------ Entries provided

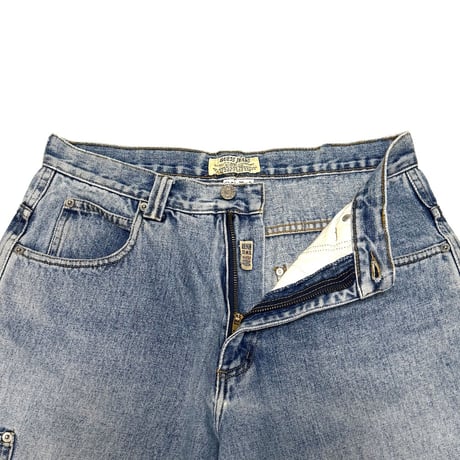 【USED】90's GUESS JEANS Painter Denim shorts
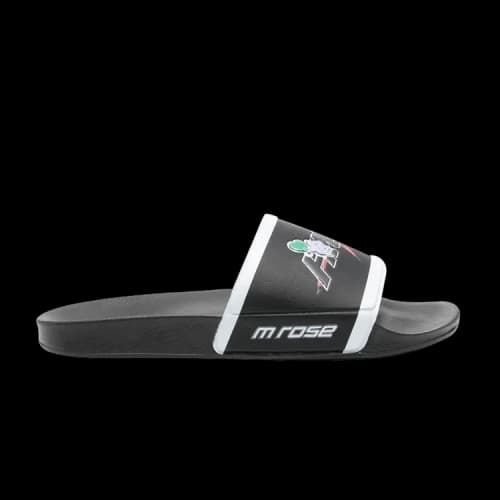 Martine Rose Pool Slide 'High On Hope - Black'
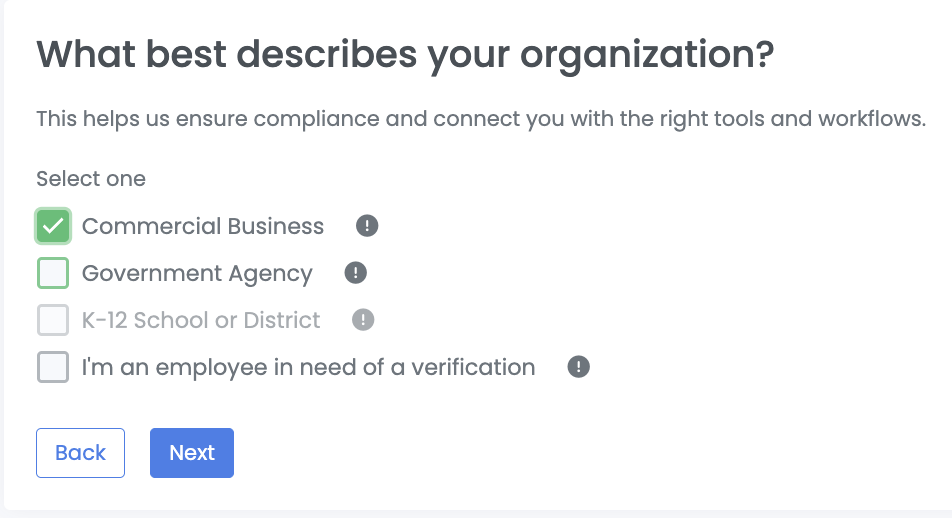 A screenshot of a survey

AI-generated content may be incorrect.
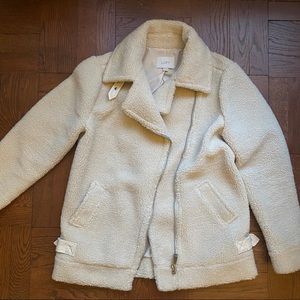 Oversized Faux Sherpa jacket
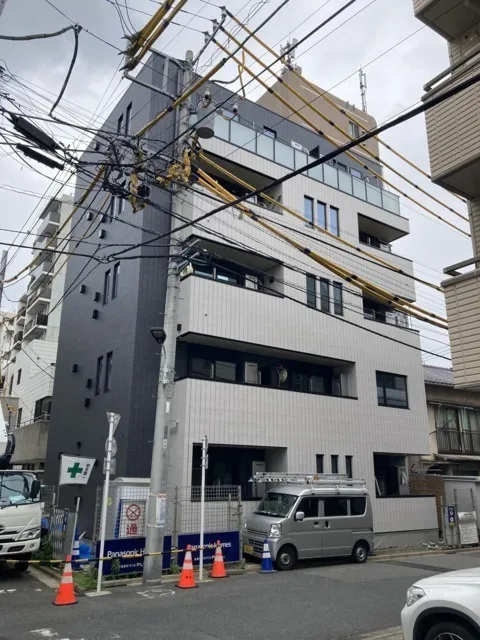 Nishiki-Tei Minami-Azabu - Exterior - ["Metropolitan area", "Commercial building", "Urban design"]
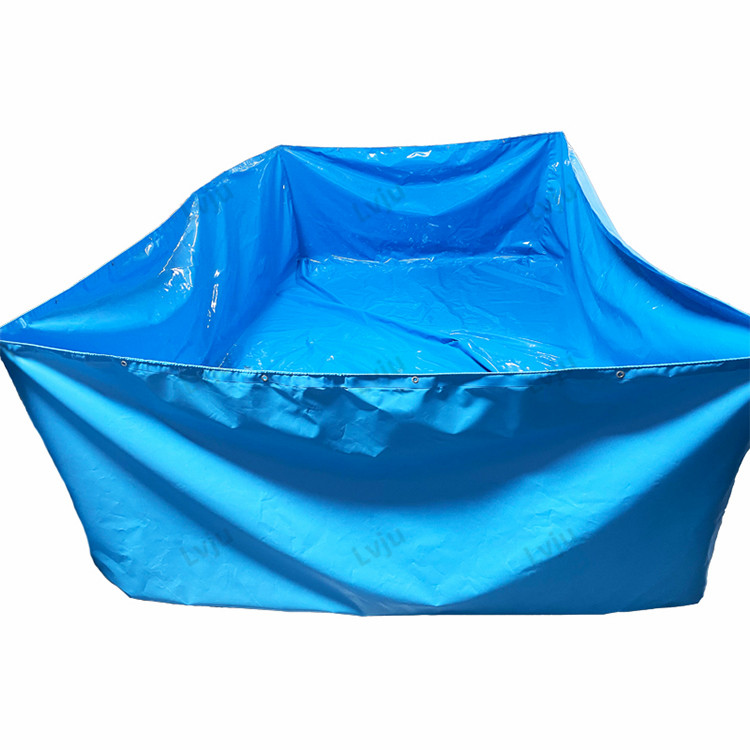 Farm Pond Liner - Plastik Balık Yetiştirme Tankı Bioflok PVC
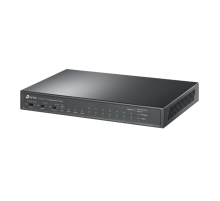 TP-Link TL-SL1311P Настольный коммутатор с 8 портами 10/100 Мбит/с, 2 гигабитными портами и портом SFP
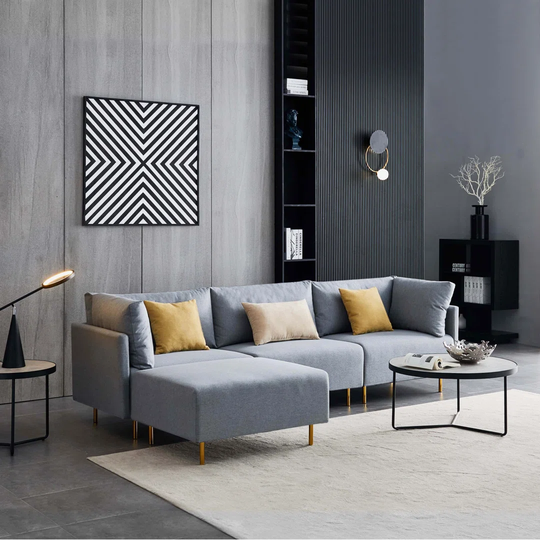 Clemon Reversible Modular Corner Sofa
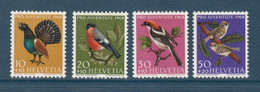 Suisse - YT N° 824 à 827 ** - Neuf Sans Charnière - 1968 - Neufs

------------
------ Entries provided

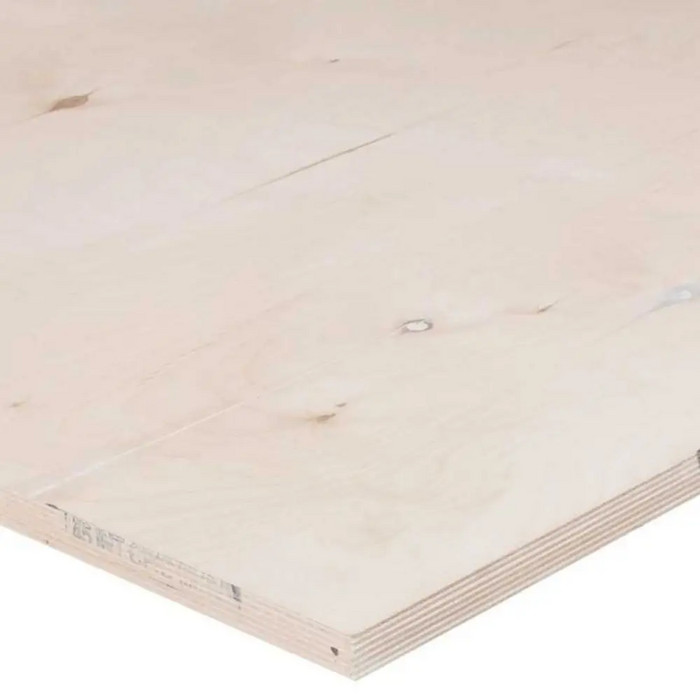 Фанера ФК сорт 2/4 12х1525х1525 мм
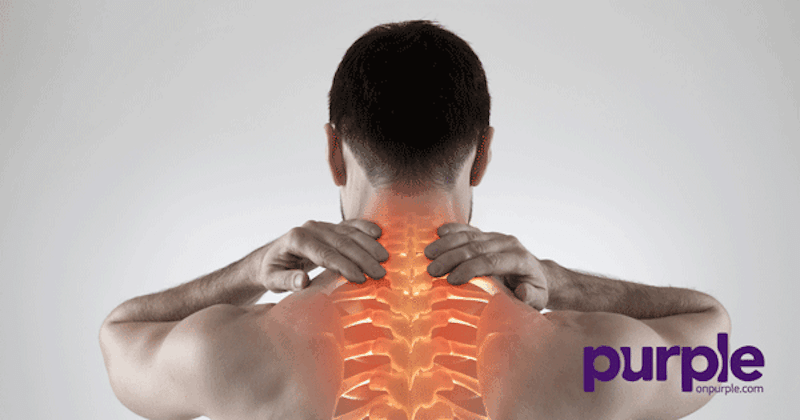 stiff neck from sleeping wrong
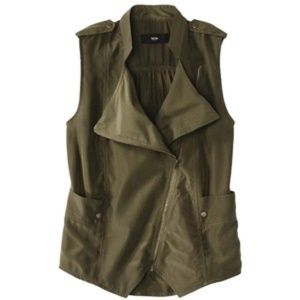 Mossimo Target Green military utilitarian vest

------------
------ Entries provided

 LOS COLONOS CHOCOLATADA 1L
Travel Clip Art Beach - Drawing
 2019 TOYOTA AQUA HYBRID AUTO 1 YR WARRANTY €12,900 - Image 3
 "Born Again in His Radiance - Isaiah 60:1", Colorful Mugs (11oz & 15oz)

------------

Problem to work on: Go to the line above holding "TP-Link TL-SL1311P Настольный", then copy exactly each line down to and including the one holding "Suisse - YT", leaving pictures out.

Solution for this exercise:
 TP-Link TL-SL1311P Настольный коммутатор с 8 портами 10/100 Мбит/с, 2 гигабитными портами и портом SFP
 Clemon Reversible Modular Corner Sofa
 Suisse - YT N° 824 à 827 ** - Neuf Sans Charnière - 1968 - Neufs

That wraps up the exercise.